ROMA La parola chiave è sempre “contributivo”. Ruotano intorno a questo sistema di calcolo delle pensioni le proposte che oggi il presidente dell’Inps Boeri dovrebbe fare in occasione della presentazione del rapporto annuale dell’istituto. Proposte che già nelle settimane scorse erano state preannunciate come contributo tecnico offerto al governo, impegnato a rivedere nella legge di Stabilità le regole previdenziali fissate dalla riforma del 2011.
Per quanto riguarda i requisiti di uscita, l’obiettivo è quello della flessibilità, ovvero di consentire a chi lo desidera di lasciare il lavoro anche in anticipo rispetto alle soglie di età previste dalla legge (al momento 66 anni e 3 mesi per la maggior parte degli interessati) in cambio in un importo di pensione un po’ più basso. Il nodo naturalmente è l’entità della decurtazione, che sarebbe permanente e non legata ai soli anni di anticipo rispetto all’età prefissata. Tito Boeri ha recentemente bocciato, in quanto finanziariamente troppo costoso, lo schema messo nero su bianco nel disegno di legge che porta la firma del presidente della commissione Lavoro della Camera Cesare Damiano e di altri parlamentari, basato sulla possibilità di andare in pensione in un arco flessibile compreso tra i 62 e i 70 anni. La penalizzazione sarebbe del 2 per cento l’anno per chi va a riposo prima, con corrispondente premio per chi invece ritarda l’uscita.
LA DECURTAZIONE
La preferenza del presidente Inps va invece ad un modello che con tagli più significativi possa assicurare l’equilibrio finanziario nel medio-lungo periodo. L’esempio è quello del contributivo già applicato, in via sperimentale e come opzione, per le lavoratrici: uscita dal lavoro con almeno 57 anni di età e 35 di contributi, ma con il trattamento pensionistico interamente calcolato con il sistema contributivo. L’entità della penalizzazione rispetto alla pensione definita con il sistema retributivo varia a seconda della carriera individuale, favorendo relativamente chi ha avuto un percorso piatto, ma comunque si può aggirare anche sul 20-30 per cento. Nell’ipotesi che questa opzione venga generalizzata ed estesa agli uomini, il livello minimo di età potrebbe essere elevato. Ma lo schema non piace ai sindacati: ieri Anna Maria Furlan, numero uno della Cisl, ha messo le mani avanti definendolo «impraticabile».

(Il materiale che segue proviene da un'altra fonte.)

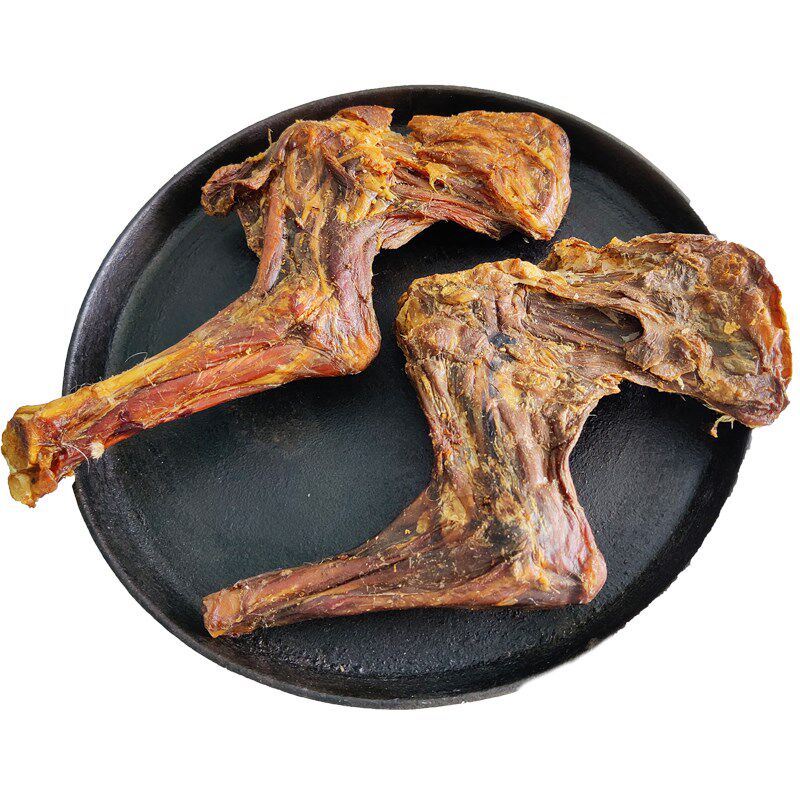 宠物狗零食风干羊腿磨牙骨头狗狗大骨头通用洁齿骨小狗狗磨牙棒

Il contributivo potrebbe giocare un ulteriore ruolo nella proposta Inps: un eventuale ricalcolo parziale delle pensioni già in essere di importo più elevato garantirebbe sulla carta risparmi da utilizzare all’interno del sistema di welfare, a beneficio degli ultracinquantenni che perdono il lavoro e sono quindi esposti al rischio povertà. Ma questo scambio dovrebbe superare il vaglio del governo, poco propenso a soluzioni che prevedano il taglio dei trattamenti già in godimento: anche perché per generare introiti apprezzabili la soglia sopra la quale andrebbe applicato il ricalcolo non potrebbe essere troppo alta.

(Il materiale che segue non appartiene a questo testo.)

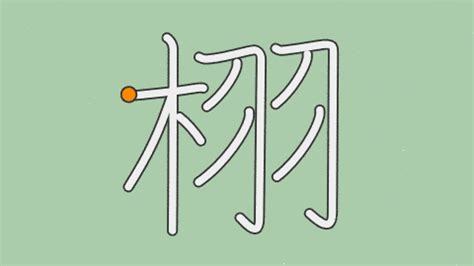 木羽 漢字|「栩」の画数・部首・書き順・読み方・意味まとめ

Sempre a proposito di contributivo, è stata pubblicata in Gazzetta ufficiale la tabella con i nuovi coefficienti di trasformazione ad adottare a partire dal 2016, per la determinazione della quota retributiva della pensione (oggi ancora limitata per la maggior parte dei lavoratori). Si tratta di un adempimento dovuto per legge, sulla base del principio che siccome la speranza di vita si allunga l’importo della pensione percepita per più tempo dovrebbe essere leggermente ridotta. I tagli dei coefficienti rispetto a quelli in vigore dal 2013 vanno dall’1,5 al 2,5 per cento.